Check the account age and correct it if needed
The new Roblox Kids and Roblox Select system depends heavily on age. If your child’s account age is wrong, the wrong default protections may apply. Roblox says parents can correct a child’s age if necessary.
After June 2026, confirm the assigned account type
Do not assume Roblox Kids or Roblox Select was applied perfectly. Check whether the account is standard, Kids, or Select. If your 8-year-old is not in Roblox Kids, or your 10-year-old has unexpected chat access, investigate immediately.

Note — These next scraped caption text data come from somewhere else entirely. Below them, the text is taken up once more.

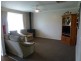 4 McLaren Drive, Moama NSW 2731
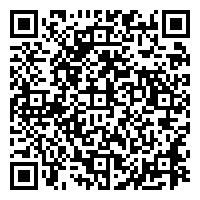 Откройте в приложении RedHare Market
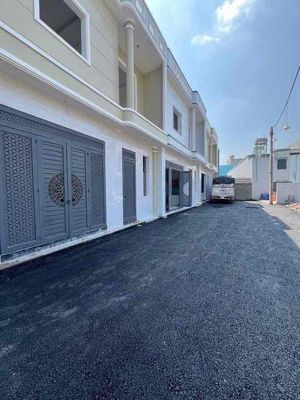 BÁN NHÀ SỔ RIÊNG 2TỶ 800TR PHƯỜNG BIÊN HOÀ (Hoá An )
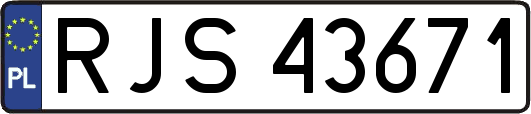 RJS43671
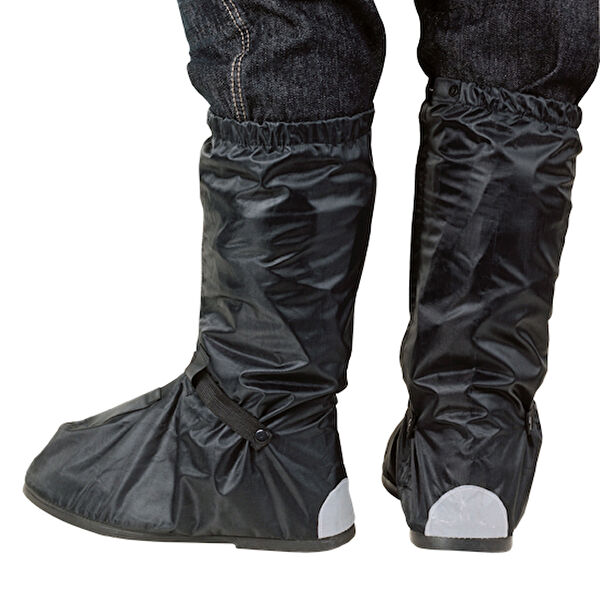 Tex Motosiklet Koruyucu Giysiler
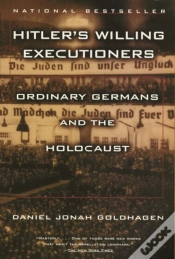 Capa do artigo Hitler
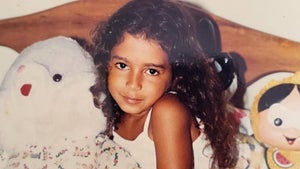 0415-anitta-cute-kids-primary_720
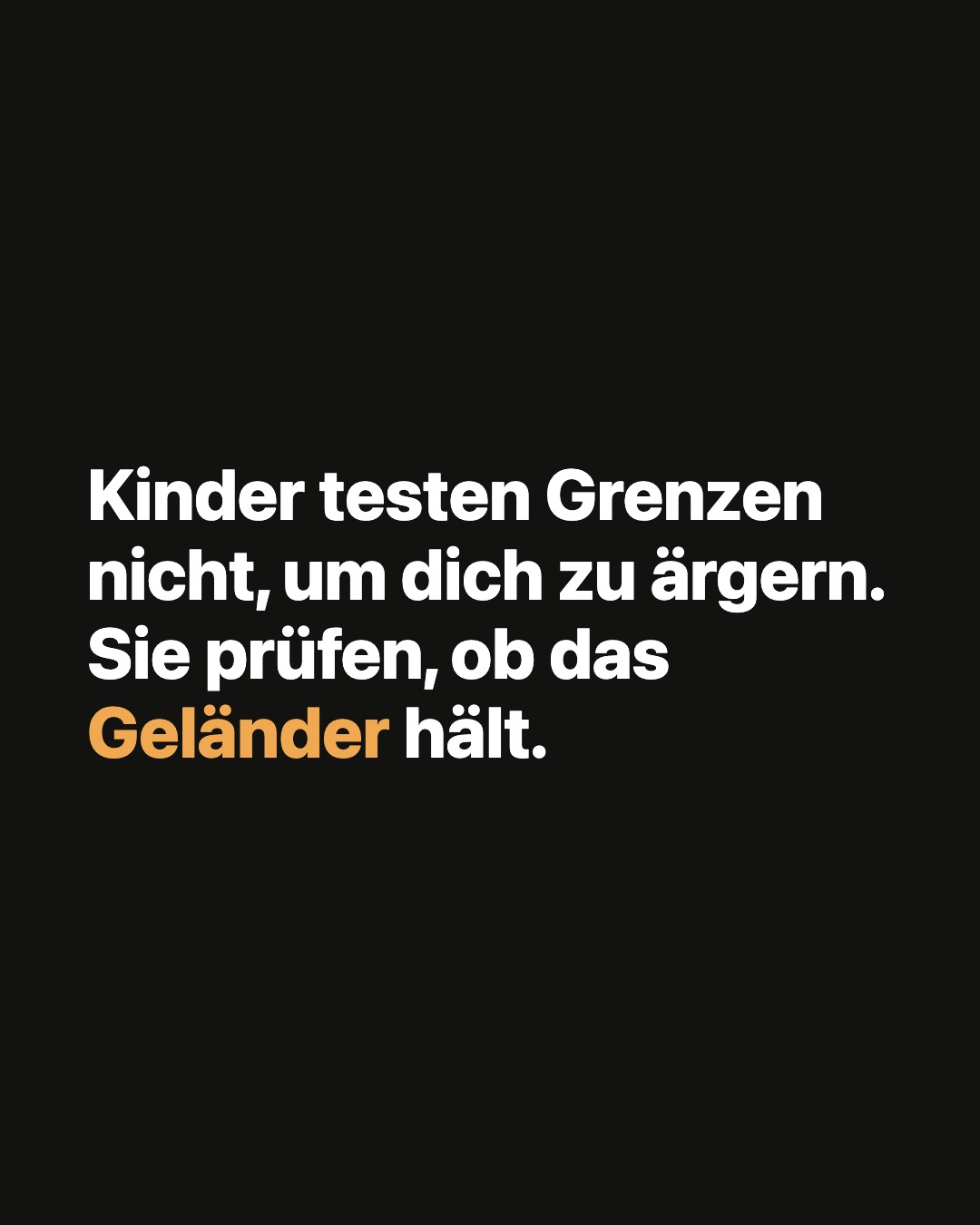 Karussell-Slide 7 von 8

Use game blocking and approval as active tools
Roblox says parents will be able to block specific games through age 15 and approve specific games that are not otherwise available under the child’s default account type. This is the most important practical change for families who want more control than a broad maturity label can provide.
FAQ
Below are the short answers to the most common parent questions about Roblox’s 2026 changes, including age verification, Kids and Select accounts, ratings, and communication rules.
What changed in Roblox 2026?
The biggest changes are mandatory facial age checks for chat, the upcoming Roblox Kids and Roblox Select account tiers, AI-powered chat rephrasing, expanded parental controls, and a planned transition toward IARC ratings connected to ESRB and PEGI systems.
Is Roblox Kids already live?
As of April 2026, Roblox says Roblox Kids and Roblox Select will roll out in early June 2026. Parents should review account status again after launch.
What is Roblox Kids?
Roblox Kids is a new account type for users ages 5–8. It limits access to selected Minimal or Mild games and disables all communication by default.
What is Roblox Select?
Roblox Select is a new account type for users ages 9–15. It allows access to selected games rated up to Moderate and keeps age-based communication defaults in place.
Does my child need facial age verification to play Roblox?
Not necessarily. The January 2026 requirement applies to chat access where chat is available. Children may still be able to play without completing age verification, but users who have not age-checked may face stricter content limits and no communication access under the new account system.
Is facial age verification safe?
Roblox says facial age estimation images and videos are deleted immediately after secure processing, and that its vendor Persona handles the process. But critics have raised concerns about misidentification, bypassing, disruption to chat, and whether this kind of verification is an appropriate privacy trade-off for children.
Will Roblox ratings become easier to understand?
That is the goal. Later in 2026, Roblox plans to move toward the IARC framework, which connects ratings to familiar regional systems such as ESRB and PEGI. This should help parents compare Roblox experiences with other games and apps more easily.
What should parents do after the June 2026 launch?
Reopen parental controls, confirm your child’s account type, check chat access, review game history, block specific games if needed, and make sure the child’s age is correct. This article should be updated in July 2026 once the launch has happened in practice.